═══ DATA SECTION

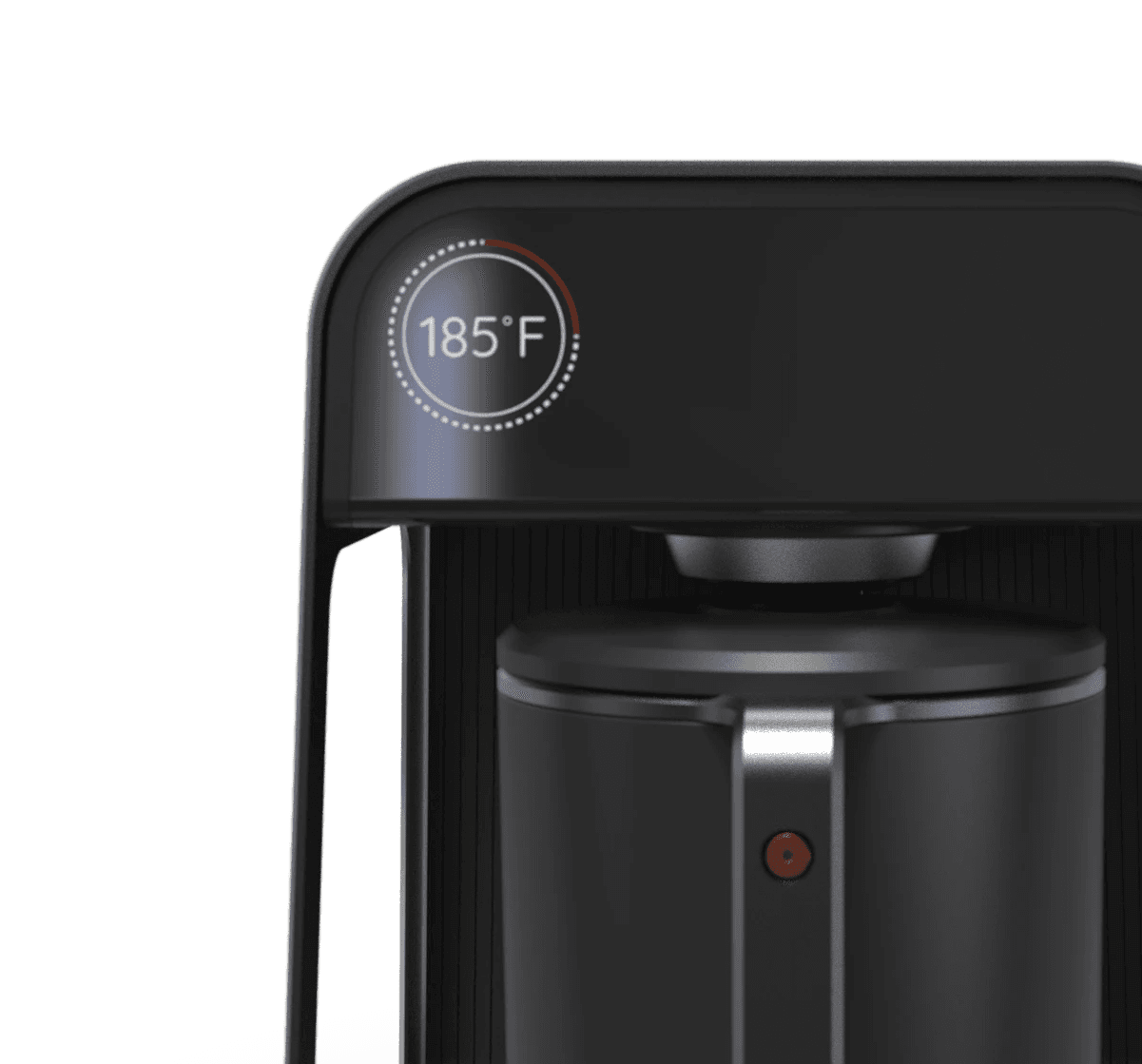 An electronic display on a modern coffee maker.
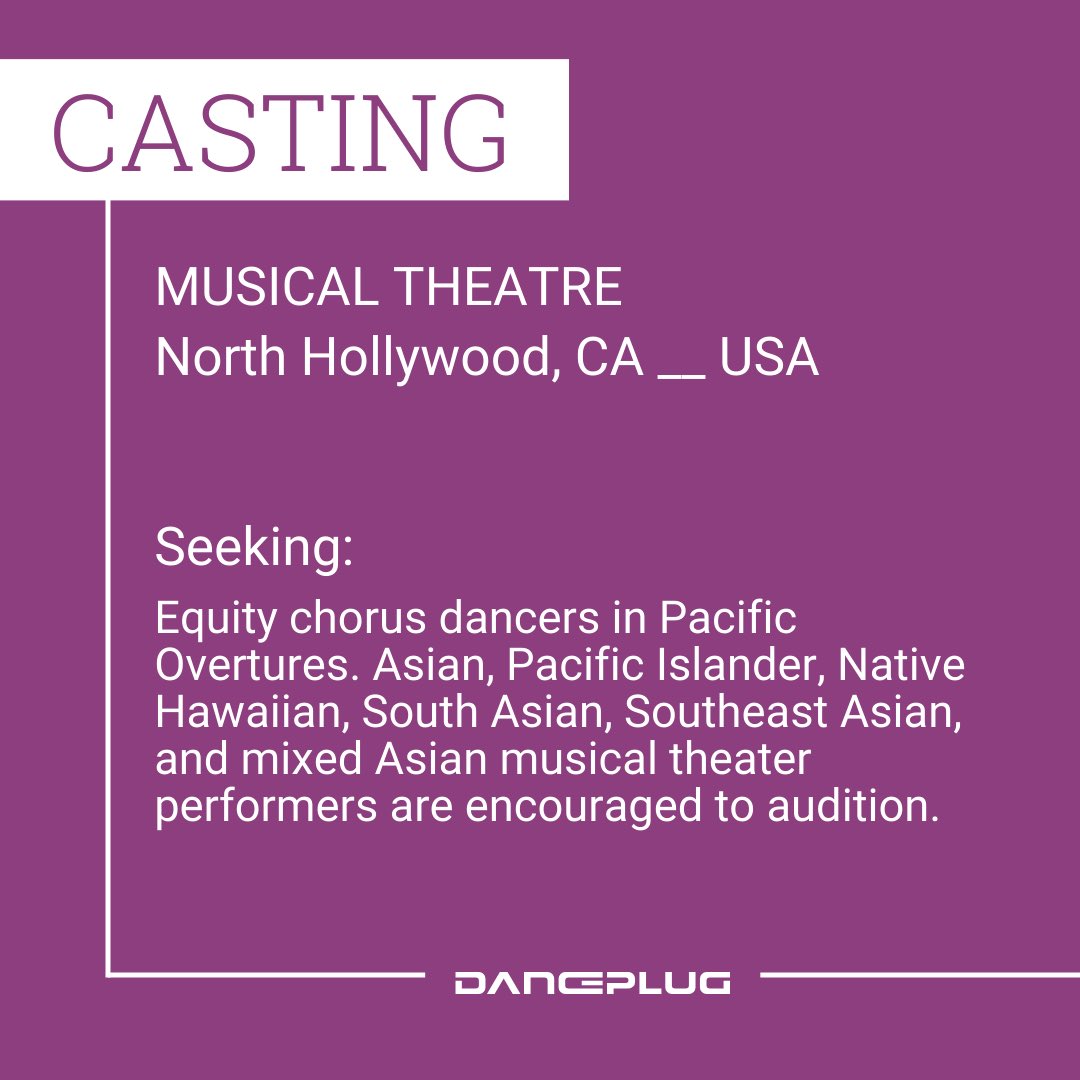 danceplug's tweet image. 🔔 LOS ANGELES DANCERS Audition Announcement 🔔

More info here: 
danceplug.com/audition/pacif…

#PacificOvertures #EvolutionStudios #Asiandancers #danceaudition #musicaltheatre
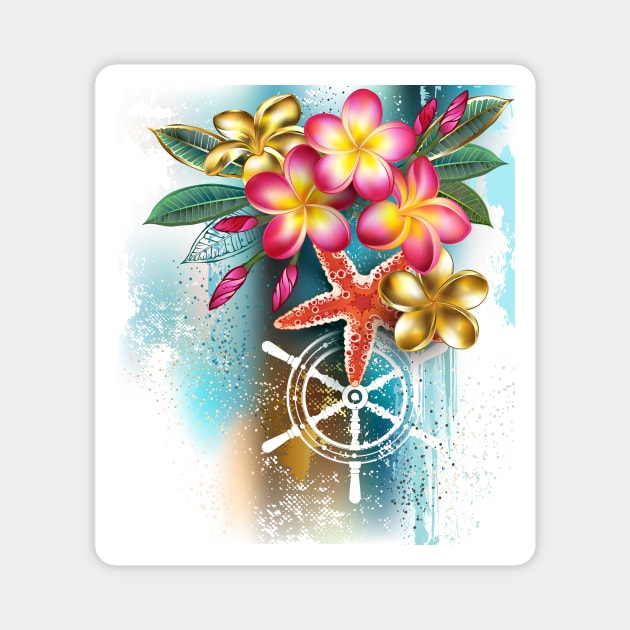 Plumeria flowers on blue background Magnet by Blackmoon9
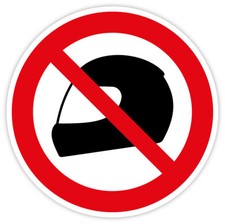 Aufkleber Verbotszeichen „Bitte Helm abnehmen! Kein Helm!“ Folie | Ø 5-30 cm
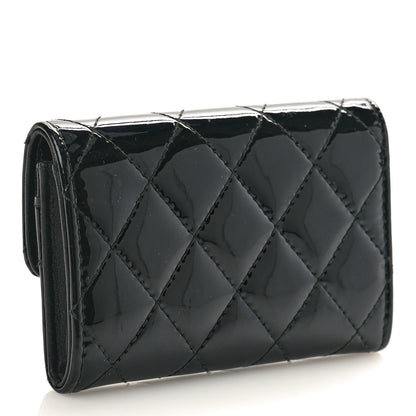 Chanel Patent Quilted Flap Card Holder Black 3 of 9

══════

Every line of the data above should be repeated exactly. Omit the pictures.

 An electronic display on a modern coffee maker.
 danceplug's tweet image. 🔔 LOS ANGELES DANCERS Audition Announcement 🔔

More info here: 
danceplug.com/audition/pacif…

#PacificOvertures #EvolutionStudios #Asiandancers #danceaudition #musicaltheatre
 Plumeria flowers on blue background Magnet by Blackmoon9
 Aufkleber Verbotszeichen „Bitte Helm abnehmen! Kein Helm!“ Folie | Ø 5-30 cm
 Chanel Patent Quilted Flap Card Holder Black 3 of 9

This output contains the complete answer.